From the listing below, output only the lines starting at the line that has "Fototapeta Photo of" and ending at the line that has "Photography Elderly man", exactly as they appear, ends included.

(Input records)

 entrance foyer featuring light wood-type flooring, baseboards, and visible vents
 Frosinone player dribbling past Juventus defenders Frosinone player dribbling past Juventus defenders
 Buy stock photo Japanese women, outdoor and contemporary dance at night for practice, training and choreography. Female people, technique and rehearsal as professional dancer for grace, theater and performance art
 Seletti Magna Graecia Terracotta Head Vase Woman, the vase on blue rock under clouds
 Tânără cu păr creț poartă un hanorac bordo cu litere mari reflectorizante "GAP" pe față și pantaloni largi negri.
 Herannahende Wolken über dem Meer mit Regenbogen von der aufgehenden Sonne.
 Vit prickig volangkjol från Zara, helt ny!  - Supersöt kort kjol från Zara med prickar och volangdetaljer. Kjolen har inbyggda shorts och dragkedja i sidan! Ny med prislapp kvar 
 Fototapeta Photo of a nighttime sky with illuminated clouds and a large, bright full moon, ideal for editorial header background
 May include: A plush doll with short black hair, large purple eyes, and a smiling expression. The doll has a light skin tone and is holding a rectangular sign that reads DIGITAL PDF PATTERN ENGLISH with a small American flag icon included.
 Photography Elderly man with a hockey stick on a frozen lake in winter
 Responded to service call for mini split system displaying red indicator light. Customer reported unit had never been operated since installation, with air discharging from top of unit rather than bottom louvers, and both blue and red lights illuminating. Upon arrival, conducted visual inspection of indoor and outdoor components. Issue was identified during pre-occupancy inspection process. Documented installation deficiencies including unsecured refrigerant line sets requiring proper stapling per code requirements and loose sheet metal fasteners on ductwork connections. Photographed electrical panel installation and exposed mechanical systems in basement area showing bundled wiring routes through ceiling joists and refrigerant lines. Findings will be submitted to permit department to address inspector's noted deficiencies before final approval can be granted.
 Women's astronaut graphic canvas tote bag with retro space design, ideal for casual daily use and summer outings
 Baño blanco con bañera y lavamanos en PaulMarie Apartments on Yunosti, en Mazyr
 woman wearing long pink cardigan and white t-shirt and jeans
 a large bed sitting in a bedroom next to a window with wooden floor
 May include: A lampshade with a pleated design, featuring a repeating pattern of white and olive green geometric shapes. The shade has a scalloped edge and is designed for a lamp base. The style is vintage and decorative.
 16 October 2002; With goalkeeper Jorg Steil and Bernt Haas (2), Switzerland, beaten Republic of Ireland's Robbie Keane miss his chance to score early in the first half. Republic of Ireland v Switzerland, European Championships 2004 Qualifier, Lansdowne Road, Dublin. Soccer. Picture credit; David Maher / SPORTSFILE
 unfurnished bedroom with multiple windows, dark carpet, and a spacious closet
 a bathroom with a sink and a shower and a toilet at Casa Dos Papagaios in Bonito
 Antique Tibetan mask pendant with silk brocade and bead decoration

(End Input records)

*Result of this task*
 Fototapeta Photo of a nighttime sky with illuminated clouds and a large, bright full moon, ideal for editorial header background
 May include: A plush doll with short black hair, large purple eyes, and a smiling expression. The doll has a light skin tone and is holding a rectangular sign that reads DIGITAL PDF PATTERN ENGLISH with a small American flag icon included.
 Photography Elderly man with a hockey stick on a frozen lake in winter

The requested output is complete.